* Supplied records
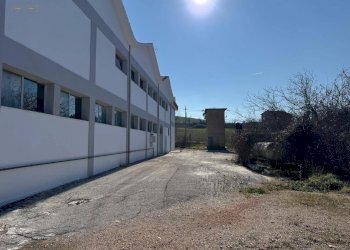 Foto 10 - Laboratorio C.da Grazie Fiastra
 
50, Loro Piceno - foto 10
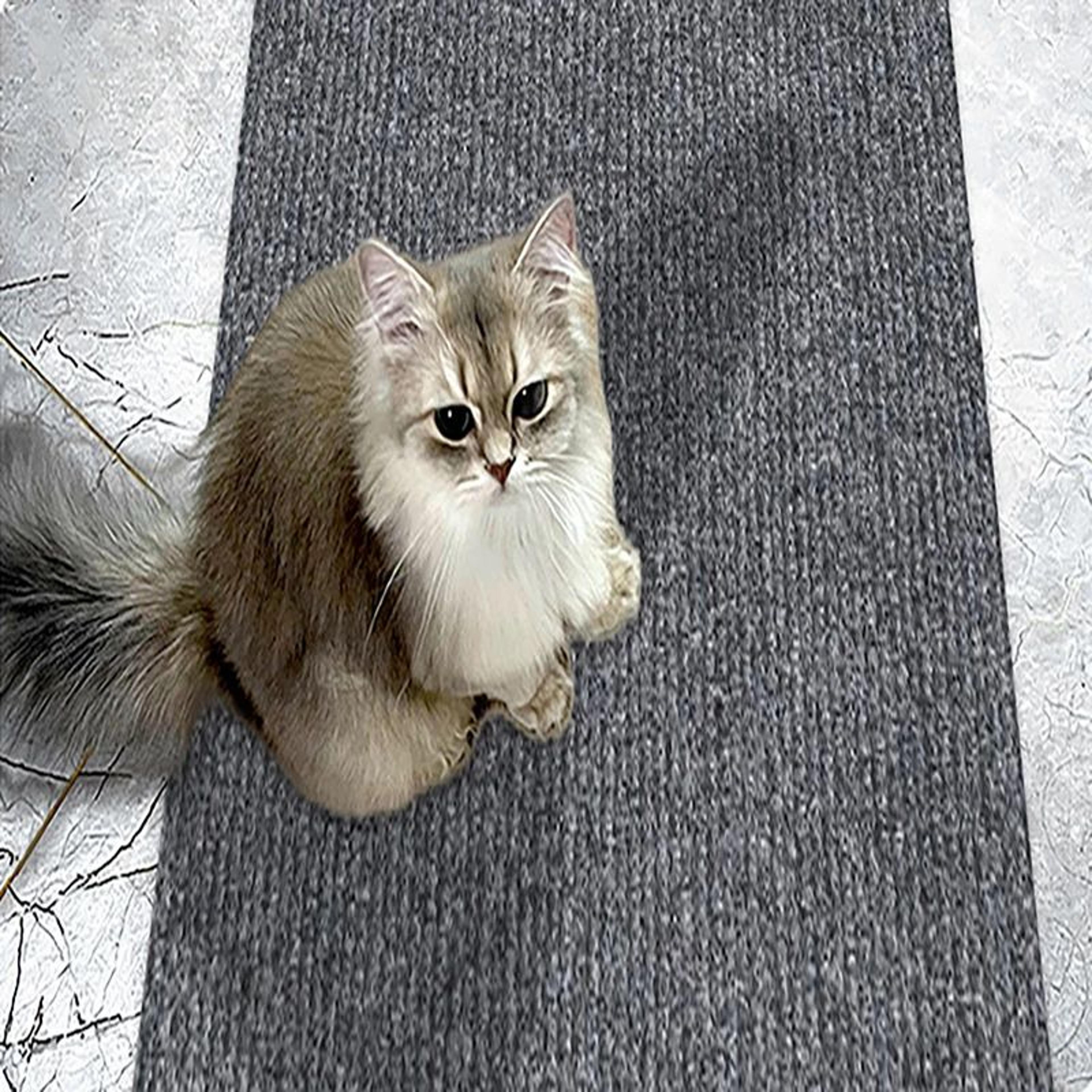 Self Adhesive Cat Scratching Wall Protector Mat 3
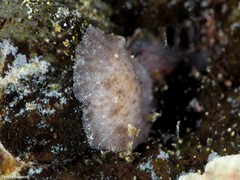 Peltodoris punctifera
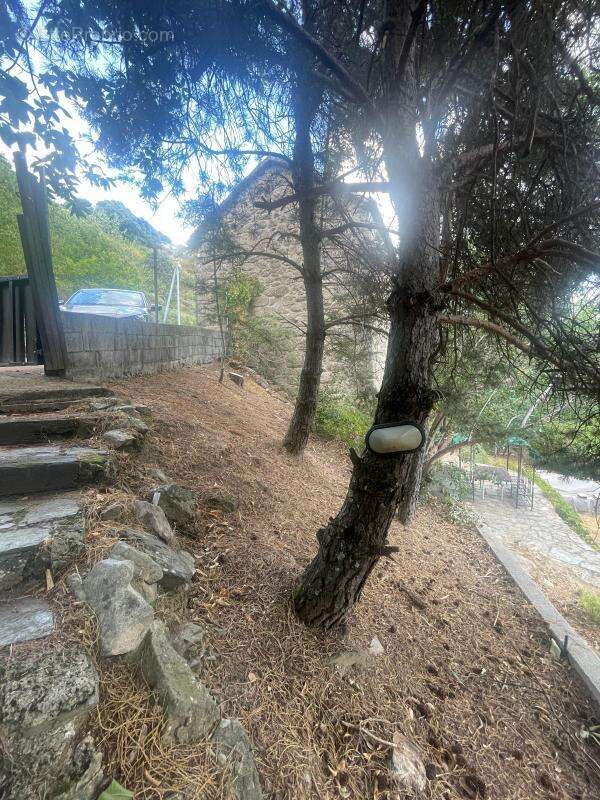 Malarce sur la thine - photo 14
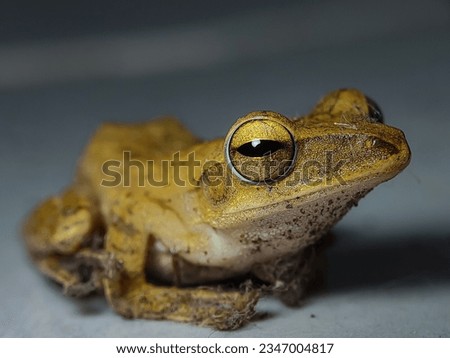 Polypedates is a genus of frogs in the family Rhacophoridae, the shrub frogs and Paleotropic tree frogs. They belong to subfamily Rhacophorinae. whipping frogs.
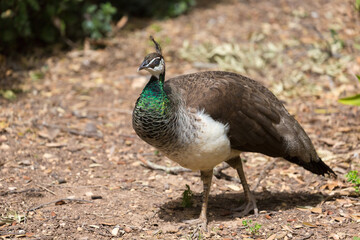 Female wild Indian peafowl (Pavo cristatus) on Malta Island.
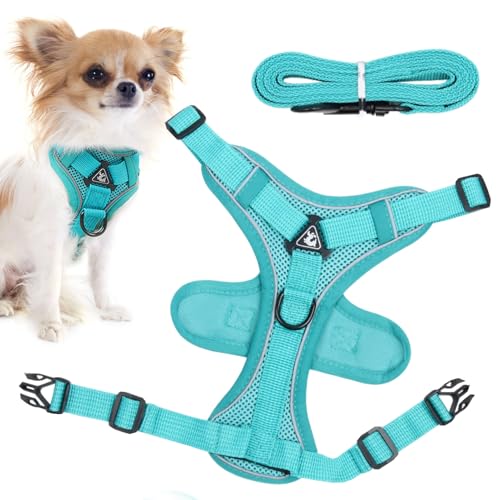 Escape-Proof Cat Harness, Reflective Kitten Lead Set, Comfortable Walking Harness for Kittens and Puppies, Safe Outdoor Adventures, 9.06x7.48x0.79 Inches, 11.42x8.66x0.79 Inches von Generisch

--

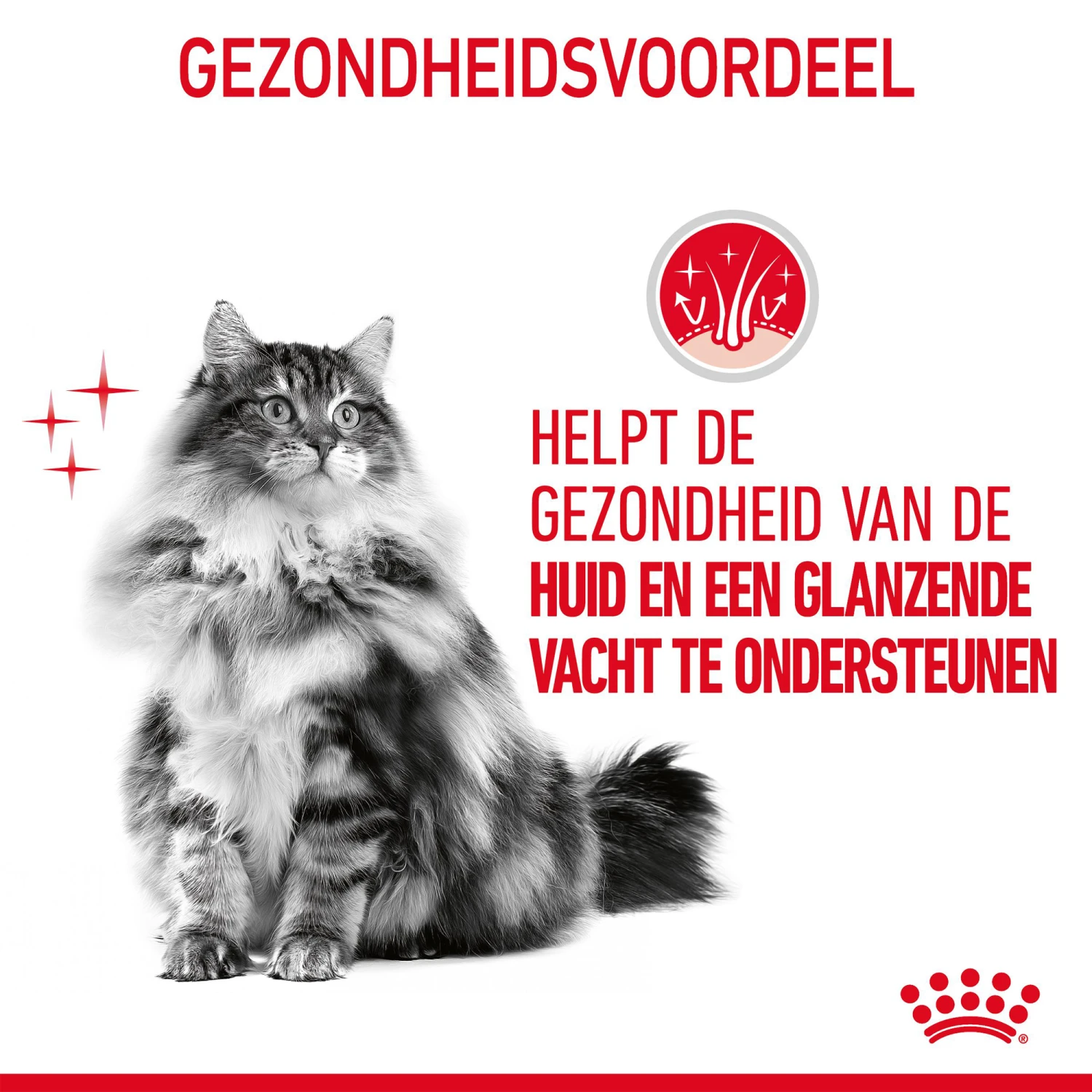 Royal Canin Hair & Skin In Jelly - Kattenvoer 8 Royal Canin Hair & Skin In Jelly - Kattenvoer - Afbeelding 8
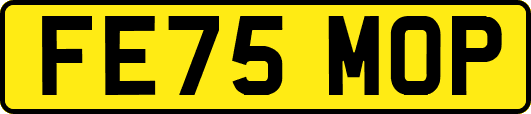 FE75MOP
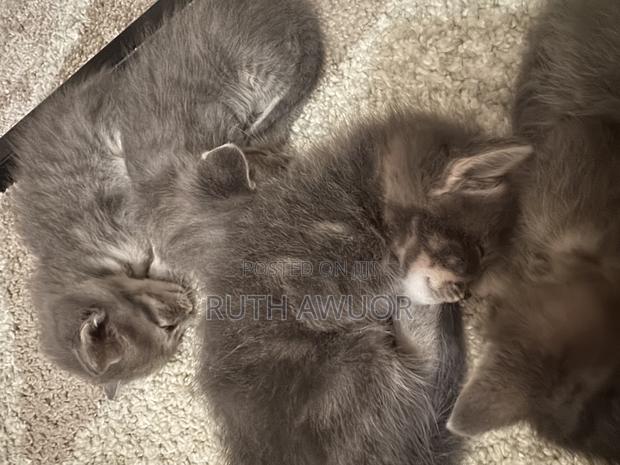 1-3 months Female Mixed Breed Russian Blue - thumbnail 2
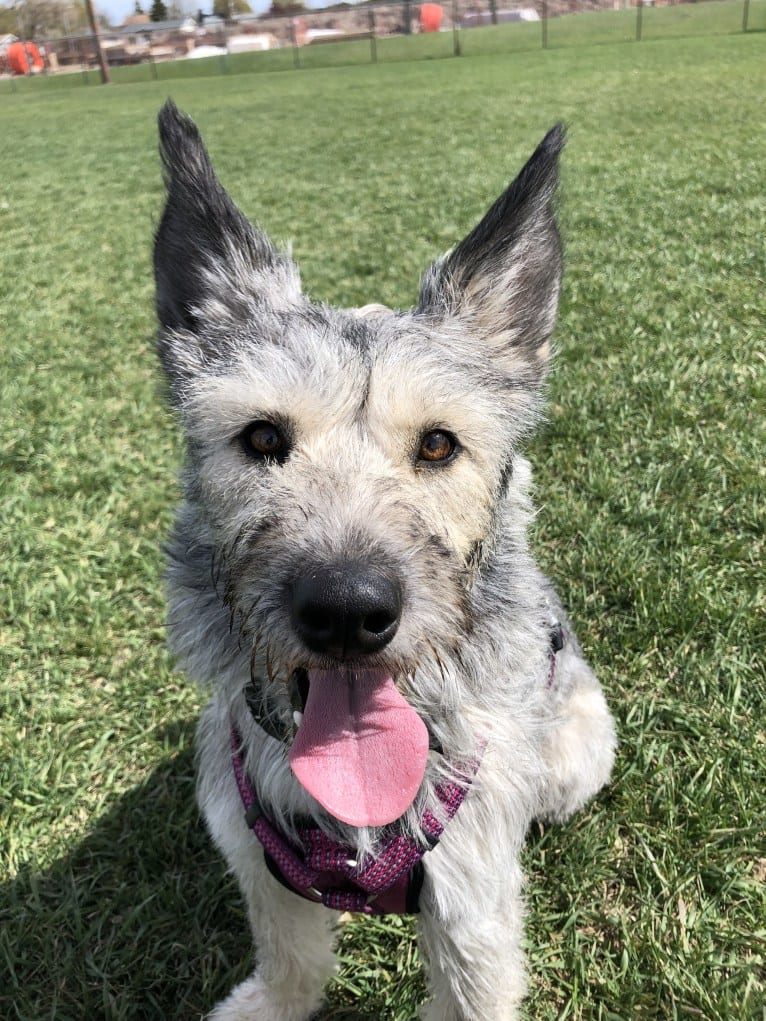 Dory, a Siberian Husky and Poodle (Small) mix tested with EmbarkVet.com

* Your instructions
Print, word for word, the lines above that run from the line containing "1-3 months Female" to the line containing "Dory, a Siberian", both included. Keep the pictures out.

* Answer space
 1-3 months Female Mixed Breed Russian Blue - thumbnail 2
 Dory, a Siberian Husky and Poodle (Small) mix tested with EmbarkVet.com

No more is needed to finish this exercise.